In this case,plaintiff was directed to leave the area where the accident occurred as bricks were being hoisted overhead.  After initially complying with the directive, he returned prematurely and was subsequently injured when one of the bricks slipped from its tong, hitting the plaintiff’s hard hat.  In opposition, the defense argued that the plaintiff was the sole proximate cause of his injury and was a recalcitrant worker.   In support of this argument, they claimed that the plaintiff had been directed to leave the area while the bricks were hoisted and yet returned to the site.   However, the Court held that the finding that defendants failed to provide an adequate safety device effectively precluded a finding that plaintiff was the sole proximate cause.   

Citing a 2003 Court of Appeals opinion, Blake v. Neighborhood Hous. Servs. Of N.Y. City, 1 N.Y.3d 280 (2003), J. Schneier notes that "it is conceptually impossible" for the plaintiff to be the sole proximate cause of his injury in the face of a statutory violation that serves as the proximate cause for his injury.    Once the plaintiff has established that his injury was caused, at least in part, by virtue of the defendant's violation of a particular safety statute, an owner and/or contractor will be held strictly liable, irrespective of the plaintiff's role in the accident.  Essentially, the Court found that the two tenets are incontrovertibly mutually exclusive of one another.  

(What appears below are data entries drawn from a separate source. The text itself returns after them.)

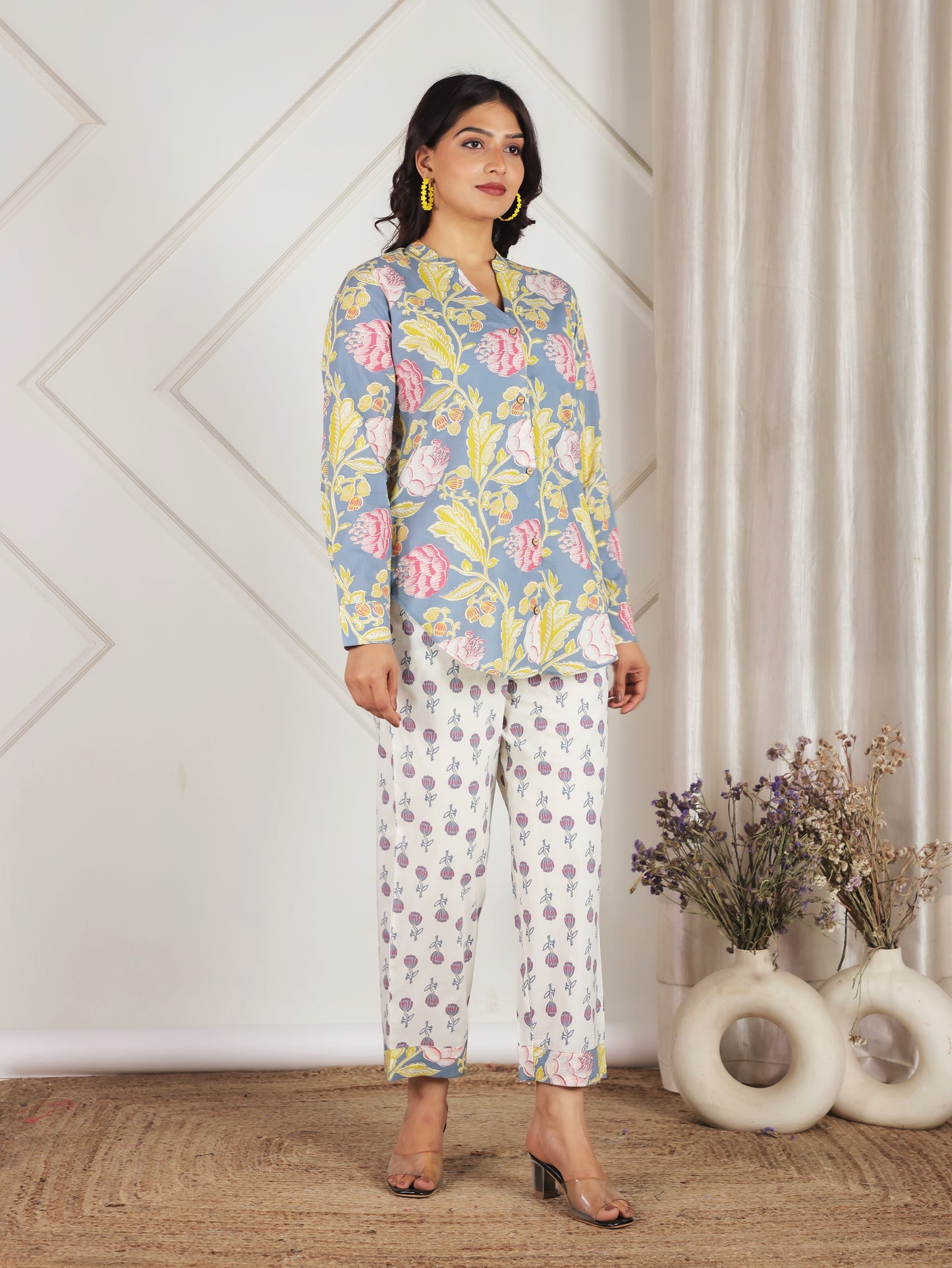 Soft Cotton Floral Straight Blue Top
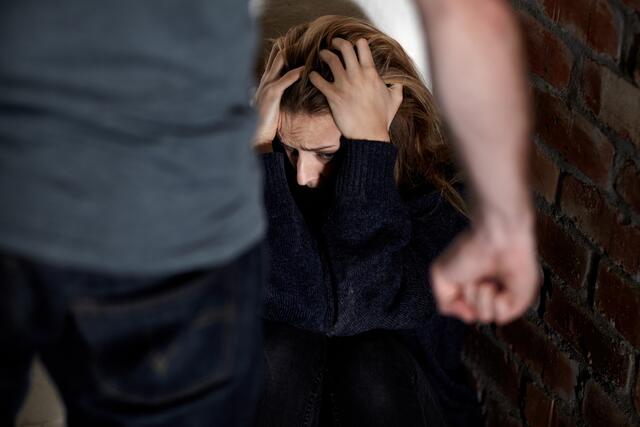 Gewalt gegen Frauen im häuslichen Umfeld ist im Bezirk Braunau die zweithäufigste Form der Gewaltausübung. | Foto: PantherMedia/Peopleimages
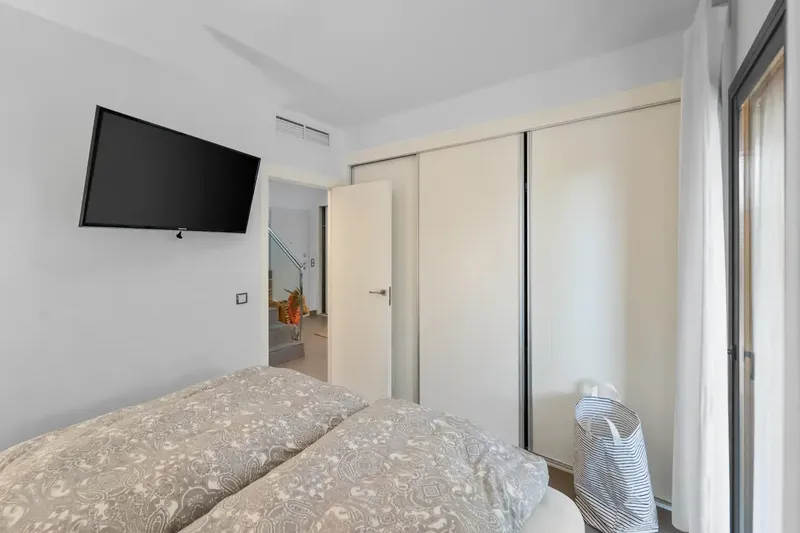 This villa, built in 2019, is located in a quiet and well-maintained residential area of Cala Murada, a few minutes by car from the — photo 9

Moreover, with respect to defendants’ recalcitrant worker defense, the defense requires a showing  that plaintiff refused safety devices provided by the owner or employer.   Here, there was no showing that such devices were offered to the plaintiff.   Mere evidence of instructions to the plaintiff to leave the area were insufficient to support the recalcitrant worker defense, particularly since plaintiff largely complied with these instructions. 

The Court ultimately granted summary judgment to plaintiff as against the owner, McGuiness, and the subcontractor Adventure Construction Corp and denied summary judgment against the general contractor, Superior, pursuant to the New York Workers Compensation Law.  It also granted Superior’s own motion for summary judgment on the same Workers Compensation grounds.